Tru Valu CEO on Massy cyberattack: It’s a concern for everyone

The content originally appeared on: Trinidad and Tobago Newsday

Customers enter Massy Stores, a part of Massy Holdings, in Westmoorings. – FILE PHOTO/ROGER JACOB

TRU-VALU CEO Sunil Maharajh expressed extreme concern after supermarket chain, Massy Stores confirmed that it had undergone a cyberattack, prompting it to close all its 23 branches in Trinidad on Thursday.

Maharajh said such cyberattacks was a concern for every business.

“I don’t think anyone can sleep easily tonight,” he said. “This brings entire operations to a halt. If you lose a day of trading that could hurt you significantly.”

Maharajh said the Tru-Valu chain took appropriate precautions to guard itself against cyberattacks but in light of the incident at Massy Stores, it will do further assessments to find weak points and address them.

He said that many businesses have taken precautions against cyberattacks but in some cases it may not be enough.

“Sometimes these things are done from places far away by people who have infinitely more resources than we have.
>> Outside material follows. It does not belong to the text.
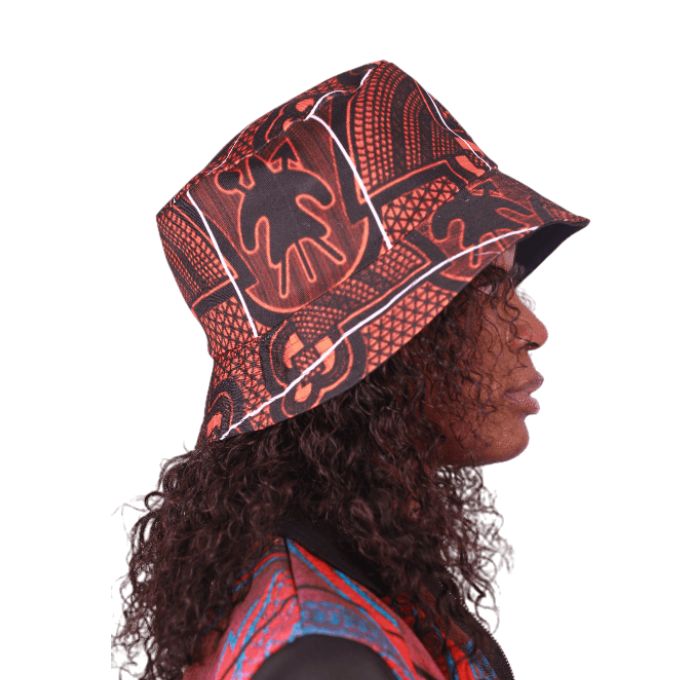Orange Sotho African Bucket Hats by Tribe Afrique Tribe Afrique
In many ways we are a small island in a big world, and groceries like Massy are big to us, but it is still a matter of perspective. On a global scale Massy is not very large. It could be people from outside this country with a lot of resources who can conspire to do something like this.”

Amcham – Cyberattacks on the rise

Amcham TT CEO Nirad Tewarie, citing a PWC report on cyber security, noted that cyberattacks were on the rise, noting that there is a need to pay more attention to digital security. He said proper risk assessment and having internal tech teams working with internet service providers would be some of the best ways to mitigate the risk of cyberattacks.

“Businesses have to, as best as they can, stay current and assess risk and close whatever avenues to intrusion as quickly as possible,” he said. “The other thing that businesses would have to do is be very aware of social engineering. This is where people – most often employees – are tricked into allowing malware into a system. That could take the form of someone getting to know someone else and encouraging inadvertently or introduce a file that has malware, or it could be as simple as clicking on an email or opening an attachment that may in fact be malware.”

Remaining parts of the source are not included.